**To do**
Copy the data exactly, pictures aside.

**** Available data ****

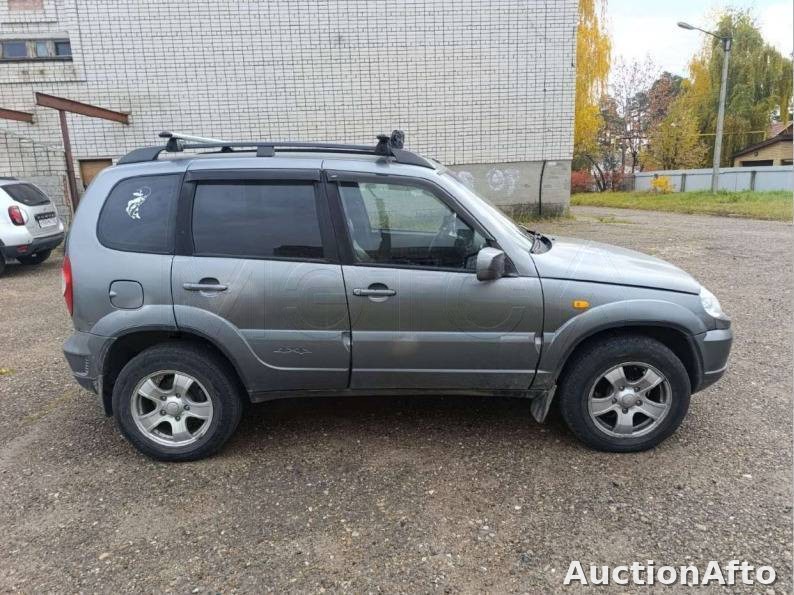Chevrolet Niva 2010 год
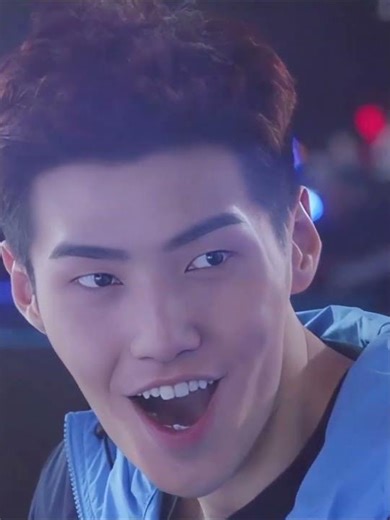 😘cuando tus amigos te ven 😂 #XuKai#ChengXiao #Cayendoentusonrisa #FallingIntoYourSmile #你微笑时很美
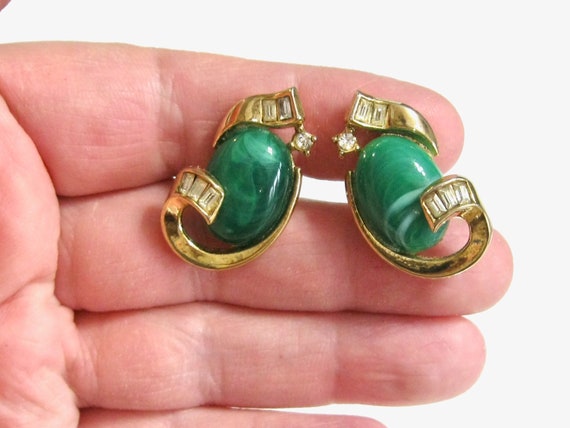 Vintage Trifari Caravan Line Ganges Green Clip Ba… - image 4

****

**Expected output**
Chevrolet Niva 2010 год
 😘cuando tus amigos te ven 😂 #XuKai#ChengXiao #Cayendoentusonrisa #FallingIntoYourSmile #你微笑时很美
 Vintage Trifari Caravan Line Ganges Green Clip Ba… - image 4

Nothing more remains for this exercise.